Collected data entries
• • •

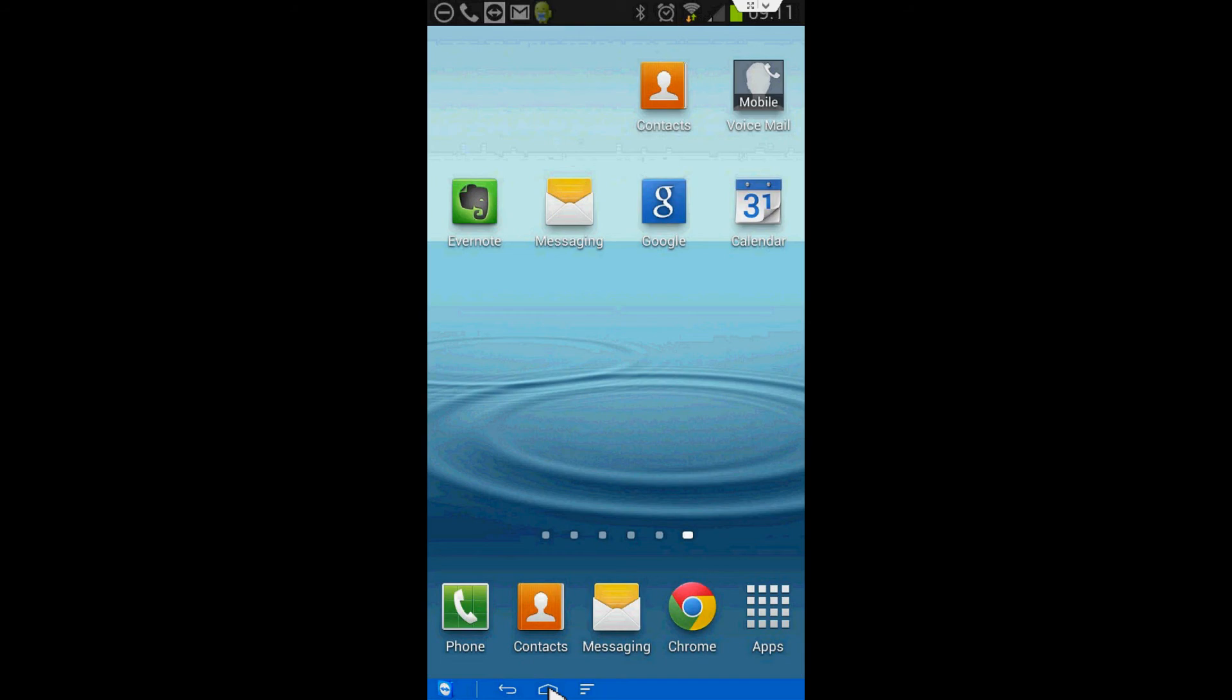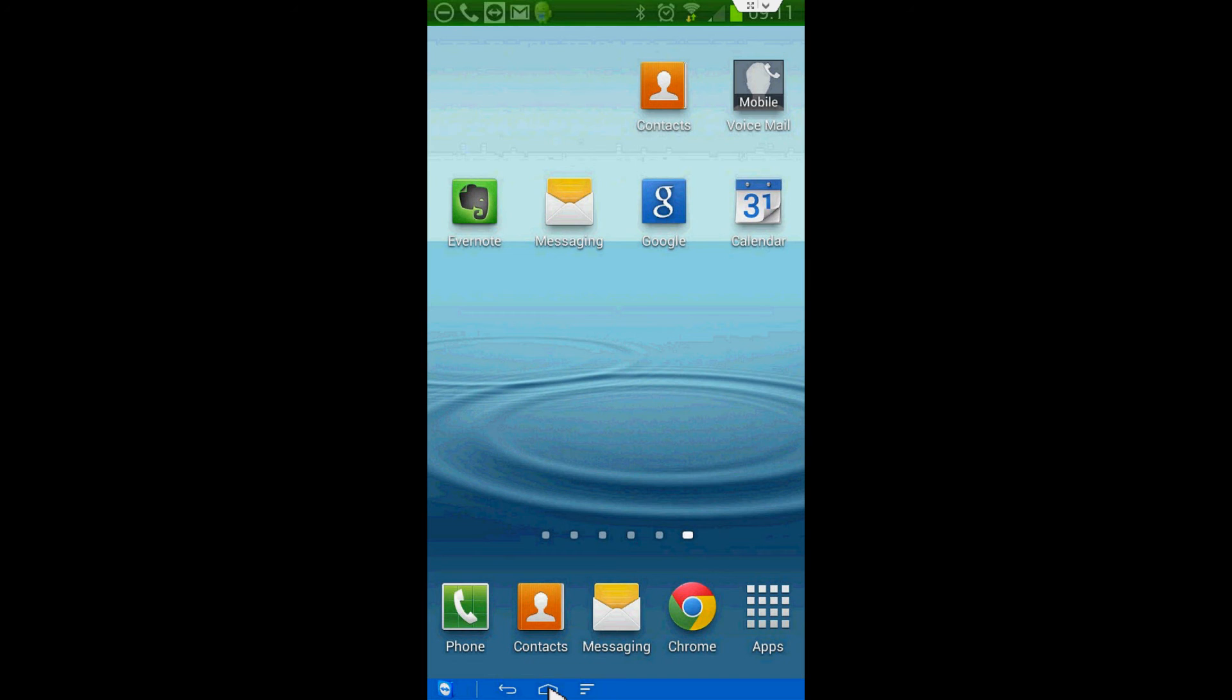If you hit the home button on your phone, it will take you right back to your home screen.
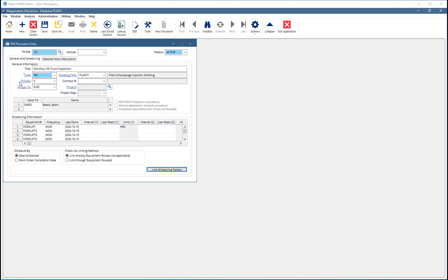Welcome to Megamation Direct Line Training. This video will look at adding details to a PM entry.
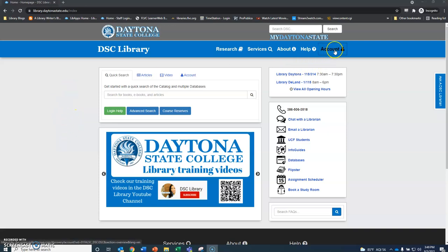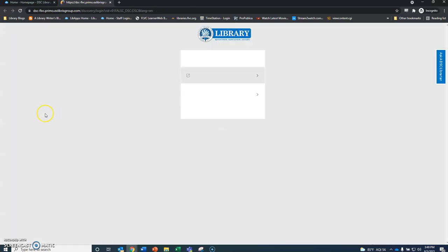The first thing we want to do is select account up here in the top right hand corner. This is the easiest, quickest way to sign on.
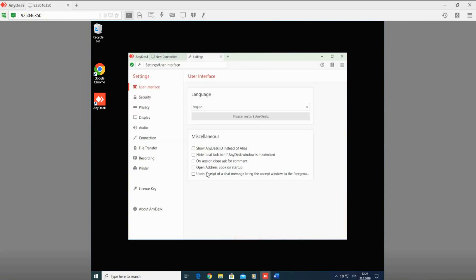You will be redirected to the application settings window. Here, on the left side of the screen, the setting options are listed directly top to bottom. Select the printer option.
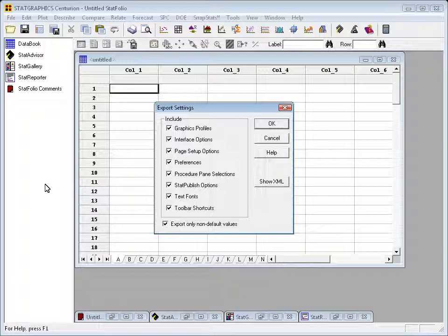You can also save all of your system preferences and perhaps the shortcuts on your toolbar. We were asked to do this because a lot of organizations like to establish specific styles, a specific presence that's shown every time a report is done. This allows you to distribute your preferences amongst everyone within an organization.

• • •

* [INSTRUCTIONS FOR THE TASK] Please retype every entry above exactly, leaving out any picture.

* [YOUR SOLUTION]
If you hit the home button on your phone, it will take you right back to your home screen.
Welcome to Megamation Direct Line Training. This video will look at adding details to a PM entry.
The first thing we want to do is select account up here in the top right hand corner. This is the easiest, quickest way to sign on.
You will be redirected to the application settings window. Here, on the left side of the screen, the setting options are listed directly top to bottom. Select the printer option.
You can also save all of your system preferences and perhaps the shortcuts on your toolbar. We were asked to do this because a lot of organizations like to establish specific styles, a specific presence that's shown every time a report is done. This allows you to distribute your preferences amongst everyone within an organization.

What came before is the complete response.